I too have personal experience
“When there is universal need markets are simply a mechanism for capturing the revenues of the state for private gain.”
This bears repeating. It’s the crucial distinction many on the right (including Niall Ferguson), and even in this blog, don’t get. They fail to distinguish between universal ‘needs’; health, basic education, social care, policing, prisons, retail banking, water – you name it, and personal ‘wants’ over which individuals have a genuine choice. Markets have an appetite for profiting indiscriminately from any and everything they’re allowed to get their hands on, including ‘universal needs’. Michael Sandel (What Money Can’t Buy: The Moral Limits of Markets’) is very pertinent on this distinction. He argues we no longer have just a market economy but a ‘market society’, where everything has a price put on it, e.g. places in a queue for tickets, organ donation, admission to elite universities, dying, etc. etc.. This insidious process is particularly well advanced in Anglo-Saxon economies.
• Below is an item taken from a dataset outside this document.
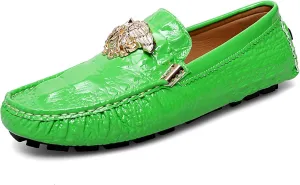 CHUUMEE Fashion Crocodile Pattern Men's Driving Penny Loafers Leather Moccasin Slip-On Casual Dress Boat Shoes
It’s time for the right to discover those things called ‘ethics’ and ‘morality’ that used to regulate their untrammelled and often anti-social ‘freedoms’, and for Labour to ditch the ‘New’ and seize a thing called ‘the moral and ethical high-ground’ and turn ‘all in it together’ into more than a smokescreen slogan hijacked by the right to cover their ‘profit from everything, greed is good for you’ agenda.